Per quanto concerne i costi, poi, si possono stimare quadrupli di quelli di una soluzione a raso, ma in questo caso sarebbero stati ancora più alti: per raccordarsi con la soluzione sotterranea è stato modificato, sembra, lo sbocco in pianura della tratta alta velocità Bologna-Firenze, con una decina di chilometri supplementari in galleria e con costi aggiuntivi (parametrizzando sui costi dell’intera tratta) dell’ordine di molte centinaia di milioni.
Potremmo classificare il caso di queste due stazioni come “gigantismo progettuale”.Proseguendo verso Sud, nulla si può dire invece della funzionalità della nuova stazione “a ponte” di Roma Tiburtina, anche questa firmata da un’archistar (Zaha Hadid).
La sensazione qui è di semplice gold plating, per i materiali e le dimensioni complessive, mentre gli sconfinati spazi commerciali la fanno rientrare nella tipologia della “discutibile induzione alla spesa”. Rimanendo a Roma, possiamo ricordare un altro episodio celebre di gold plating, seppure accaduto più lontano nel tempo: la stazione Ostiense.
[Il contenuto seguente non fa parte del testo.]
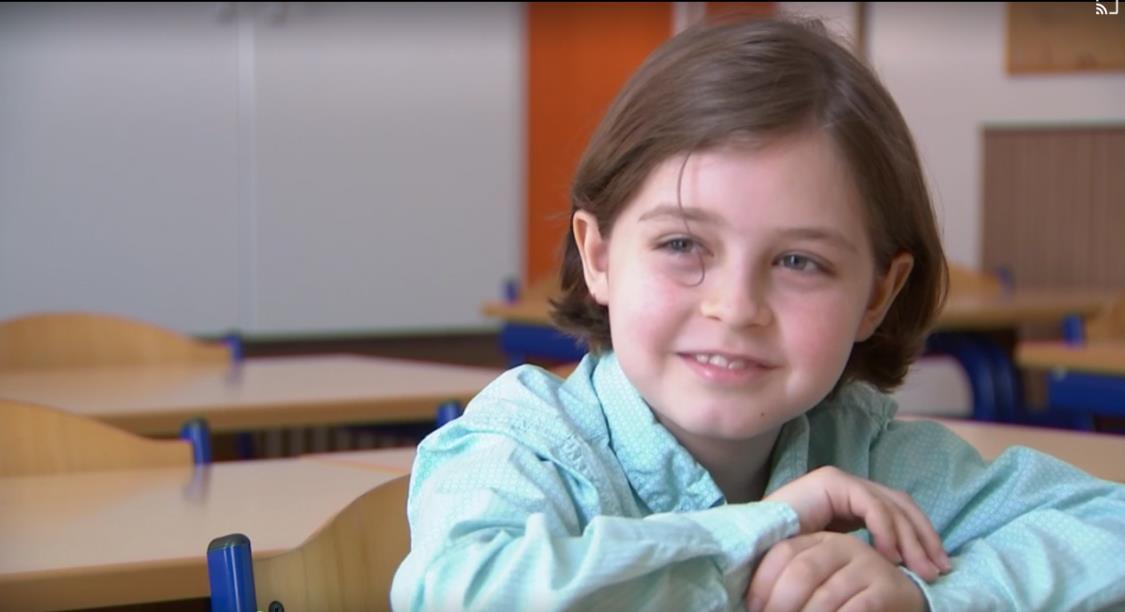 Cậu bé thiên tài đỗ đại học khi mới 8 tuổi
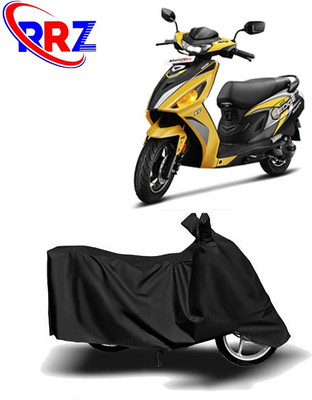 RRZ Waterproof Two Wheeler Cover for Hero(Maestro Edge 125, Black)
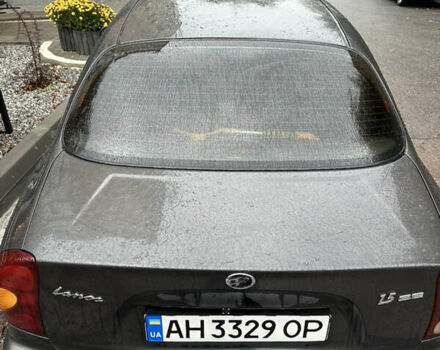 Сірий ЗАЗ Ланос, об'ємом двигуна 1.5 л та пробігом 152 тис. км за 2950 $, фото 5 на Automoto.ua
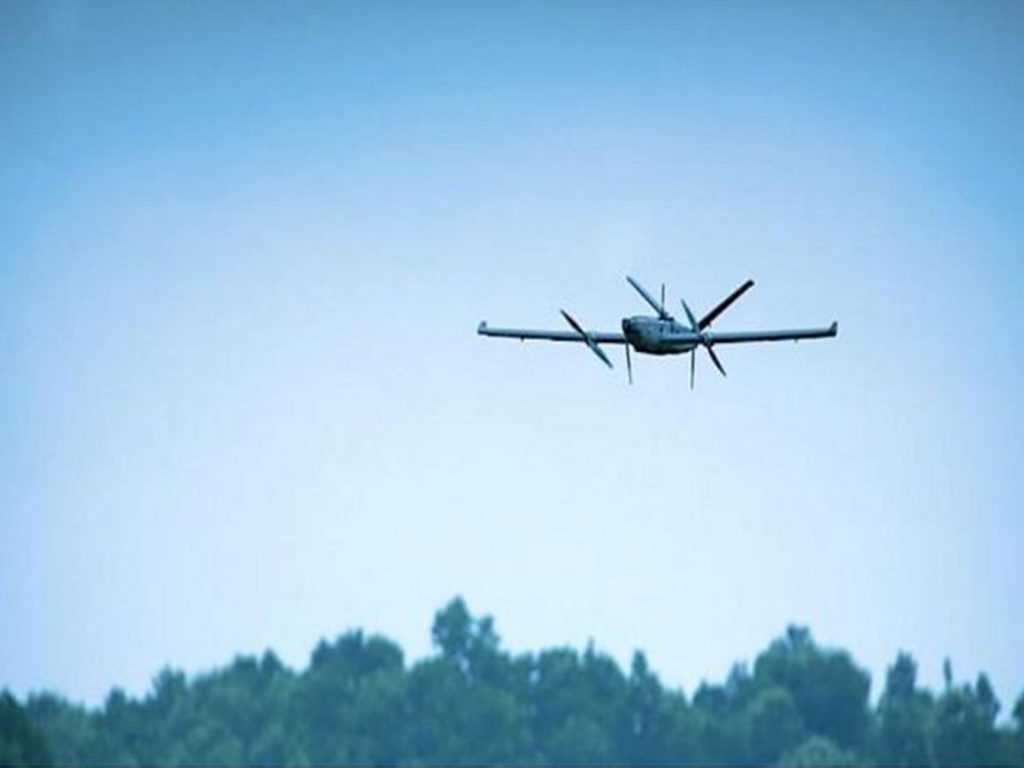 Kamikaze drones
Doveva essere il terminale urbano per i treni diretti all’aeroporto di Fiumicino. Già l’idea appariva insensata: perché non far proseguire semplicemente la metropolitana urbana per Fiumicino, visto che non esistevano problemi di scartamento né di alimentazione, che oltretutto avrebbe evitato ai viaggiatori unoscomodissimo interscambio? Sembra per semplici ragioni di gestione di risorse pubbliche afferenti a due amministrazioni diverse (nella più benevola della ipotesi). Comunque la scomodità della soluzione era tale che il (monumentale e, si suppone, costosissimo) terminal fu presto abbandonato e divenne per dieci anni rifugio per senzatetto.
Nessuno ovviamente ha mai risposto dello straordinario spreco di risorse pubbliche che l’operazione ha comportato. Il livello di disfunzionalità di questo caso lo rende difficilmente classificabile. Certo, questo è un “processo indiziario”, in cui prevalgono considerazioni qualitative, che per definizione risultano fragili e opinabili. Ma proprio questo è il problema: dati gli incentivi a massimizzare la spesa, incentivi condizionati politicamente sia dai costruttori che dalle amministrazioni locali (il residual claimant pubblico si è sempre dimostrato molto disponibile), è urgente una rendicontazione regolatoria e dettagliata, che sgombri il campo da ogni sospetto di gold plating.
E questo vale ovviamente per tutte le infrastrutture regolate: la casistica infatti potrebbe ampliarsi molto. Finora, a questo tipo di fenomeni nel panorama italiano non è stata data alcuna attenzione, ma la recente costituzione dell’autorità regolatoria indipendente per il settore trasporti fa sperare (obbliga a sperare) in un radicale cambio di scenario.